Vorliegend wurde die Maschine vom Hersteller an den Kunden noch nicht geliefert und befindet sich noch beim Hersteller. Zu prüfen ist, ob nach der Herstellung, trotz noch ausstehender Auslieferung der Maschine an den Kunden, ein Inverkehrbringen nach der Maschinenrichtlinie bereits erfolgt sein kann.
Man könnte zunächst das Inverkehrbringen mit der Abnahme der Maschine zeitlich gleich-setzen, und dies als den Zeitpunkt des „sicherheitstechnischen Gefahrübergangs“ ansehen. Das bedeutet vor dem Hintergrund der Maschinenrichtlinie, dass zu diesem relevanten Zeitpunkt die EU-Konformitätserklärung, also die CE-Kennzeichnung und die Konformitätsbewertung vorliegen müssen. Um diese jedoch rechtmäßig erteilen zu können, muss zu-nächst eine umfassende Risikoanalyse und Bewertung der Maschine, welche zentrale Elemente und Basis der Konformitätsbewertung und der damit verbundenen CE-Kennzeichnung darstellen, erfolgen. Diese sind aber erst nach einem erfolgten Probebetrieb der Maschine möglich. Gerade bei Maschinen, die vor Ort zusammen- bzw. fertiggestellt werden, ist ein solcher Probebetrieb im Anschluss notwendig, um die Erfüllung der sicherheitstechnischen Vorgaben gewährleisten zu können, da diese vorher geprüft werden müssen. Erst nach dem erfolgten Probebetrieb und die darauffolgende Risikoanalyse und Konformitätsbewertung, kann sodann der letzte Schritt – die Abnahme der Maschine – erfolgen. Insofern ist der Probebetrieb der Maschine, der noch vor der Risikoanalyse erfolgen muss, hier als Teil der Herstellung anzusehen, und zeitlich noch vor dem Inverkehrbringen einzuordnen und dieser unterliegt in Fall 1 noch voll und ganz der Verantwortung des Herstellers. Von dieser Verantwortung wird der Hersteller erst dann frei, nachdem der o.g. sicherheitstechnische Gefahrübergang erfolgt ist.

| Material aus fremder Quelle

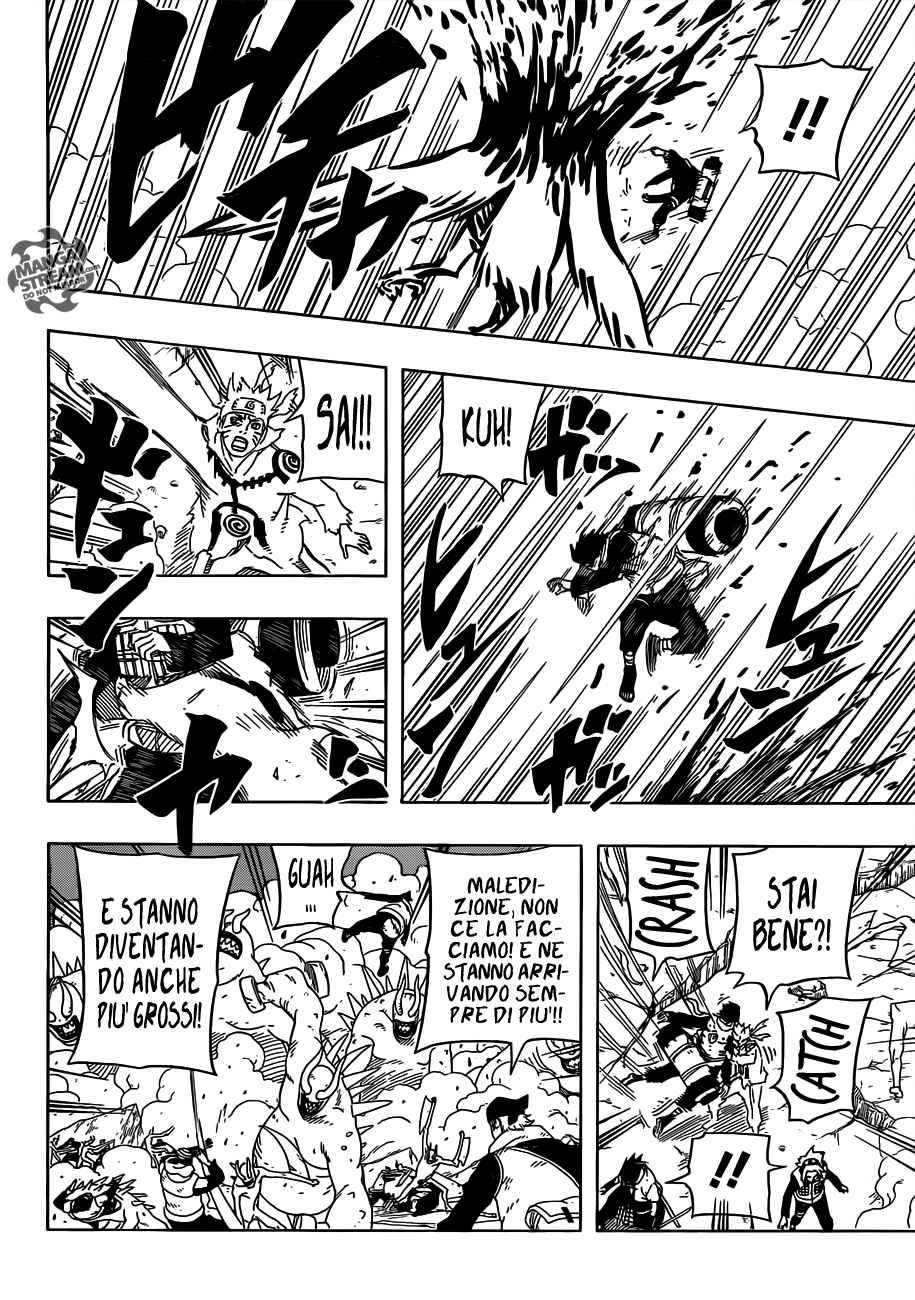 Read Naruto IT Manga Online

Für die Fallkonstellation 1) bedeutet das, dass weder ein Inverkehrbringen, noch eine Inbetriebnahme erfolgt sind, sodass für diese Konstellation der sicherheitstechnische Gefahr-übergang noch keinesfalls eingetreten ist. Vorliegend konnte der Hersteller die Maschine noch nicht einmal an den Kunden ausliefern, sie befindet sich noch im Herstellerbetrieb und somit auch noch in dessen Verantwortungssphäre. Außerdem ist zu beachten, dass die Maschinenrichtlinie und alle einschlägigen sicherheitsrechtlichen Vorgaben für die Maschine, denen sie entsprechen muss, erst ab dem Zeitpunkt des Inverkehrbringens gelten. Da der Hersteller die Maschine noch nicht geliefert hat, gelten die Regelungen in der Fallsituation 1) zeitlich In diesem Fall noch nicht einmal. Der relevante Zeitpunkt ist für den Hersteller noch nicht eingetreten, die Maschine muss in diesem Zeitraum auch nicht mit den Richtlinien im Einklang stehen.

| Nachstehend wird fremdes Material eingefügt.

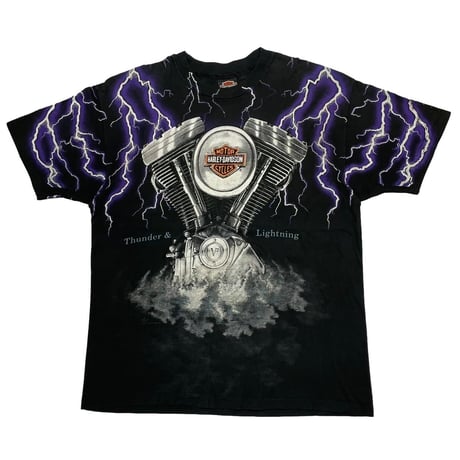 HARLEY DAVIDSON THUNDER & LIGHTNING OVP XL 1116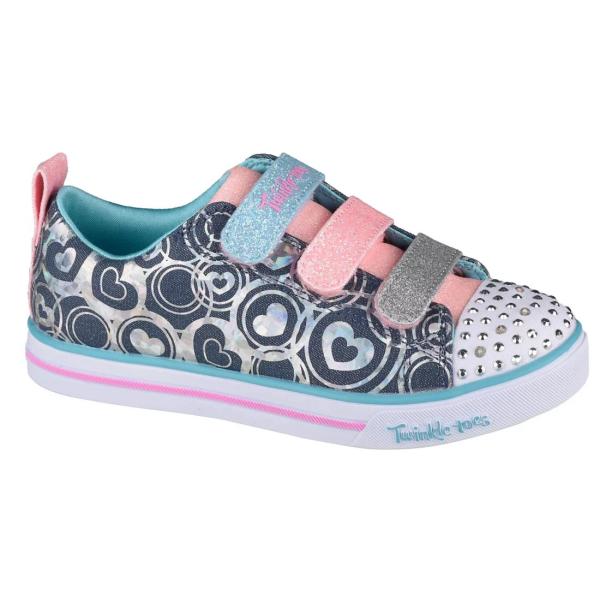 Skechers Sparkle Lite Heartsland 314753L-DMLT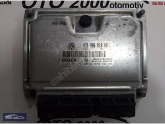 Oto Çıkma Parça / Volkswagen / Sharan / Beyin / Motor Beyni / Çıkma Parça 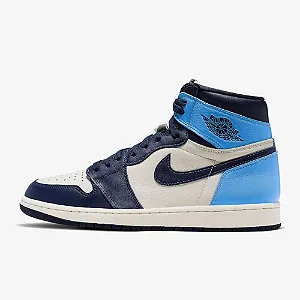 Air Jordan 1 High Obsidian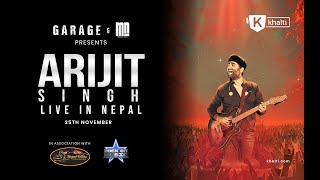 Arijit Singh concert in Nepal At Hyatt Regency Ground  , Bouddha Ktm #arjitsingh #shorts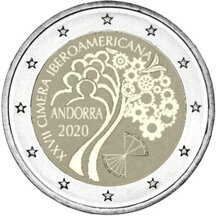 2 EURO Andorra 2020 - Iberoamerický summit
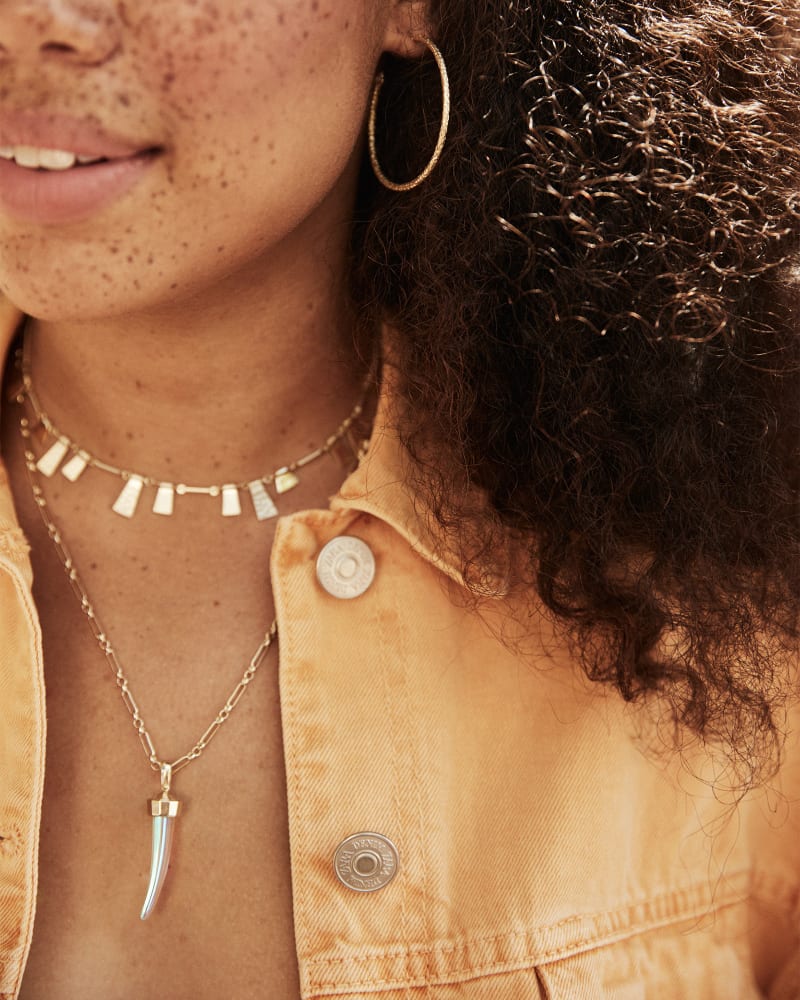 Samuel Pendant Necklace image number 2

Nach Artikel 5 Abs. 1 lit a) der Maschinenrichtlinie 2006/42/EG muss der Hersteller vor dem Inverkehrbringen sicherstellen, dass die Maschine die für sie geltenden Sicherheits- und Gesundheitsschutzanforderungen erfüllt. Damit obliegt es dem Hersteller hier alle erforderlichen Maßnahmen zu ergreifen, damit die Maschine die neuen Anforderungen an die Sicher-heit erfüllt, nachdem sich die Normen hierzu geändert haben.

Fallsituation 2):
In dieser Fallsituation befindet sich die Maschine bereits beim Kunden, konnte allerdings noch nicht fertiggestellt und In Betrieb genommen werden. Der Zeitpunkt ist somit im Gegensatz zur Fallsituation 1) etwas nach hinten verlagert. Fraglich ist, ob also in dieser Situation der Hersteller von seiner Verantwortung frei geworden ist.

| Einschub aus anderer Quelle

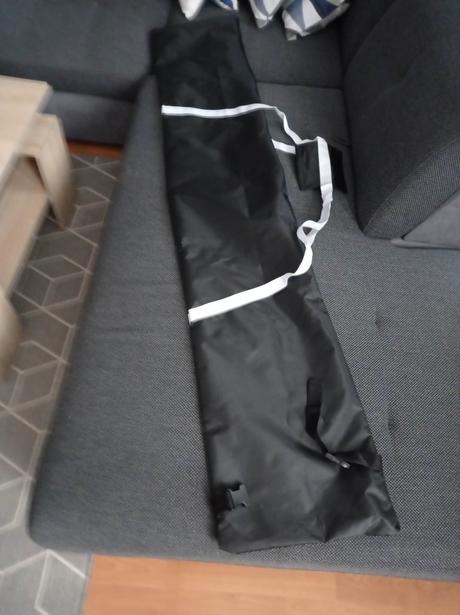 Taška na lyže, 170-180 cm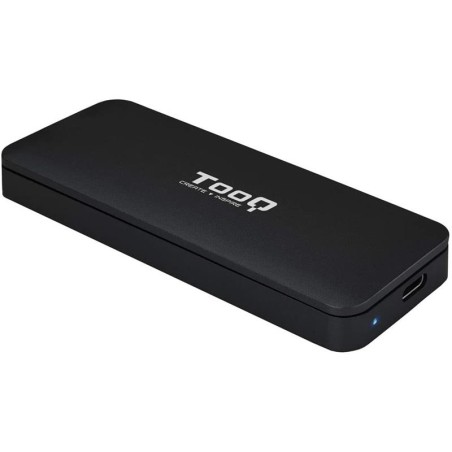 CAJA EXTERNA TOOQ M.2 NVME SSD SATA M2 USB 3.1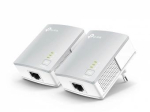 V&otilde;rguseadmed TP-Link TP-LINK Powerline Adapters Kit TL-PA4010 KIT 600 Mbit/s Ethernet LAN (RJ-45) ports 1x10/100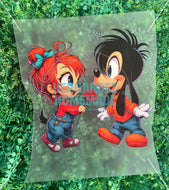Max Goof Troop DTF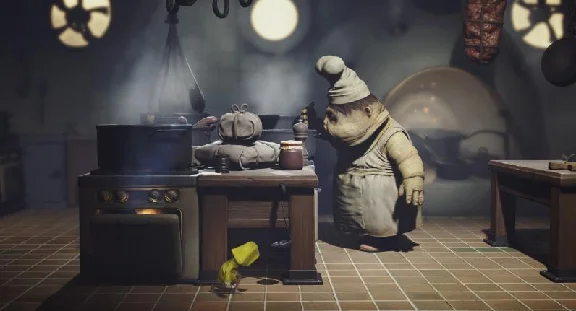 LITTLE NIGHTMARES COMPLETE EDITION XBOX🔑КЛЮЧ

Auch hier ist wieder auf das Inverkehrbringen abzustellen, da diese zeitlich vor der Inbetriebnahme erfolgt. In der Fallkonstellation 2) ist eine Überlassung an den Kunden grundsätzlich erfolgt. Abhängig davon, ob noch eine Endmontage zu erfolgen bzw. sonstige vertragliche Verpflichtungen des Herstellers zur Nutzbarkeit der Maschine bestehen kann damit eine Inverkehrbringung vorliegen. Dies wird man dann allerdings wohl nicht annehmen können, wenn der Hersteller sich als Teil seiner Leistungspflicht zur Inbetriebnahme der Maschine vor Ort beim Kunden verpflichtet hat und dies nicht als vom Hauptvertrag gesonderte Unterstützungsverpflichtung einer Inbetriebnahme durch den Kunden geregelt ist.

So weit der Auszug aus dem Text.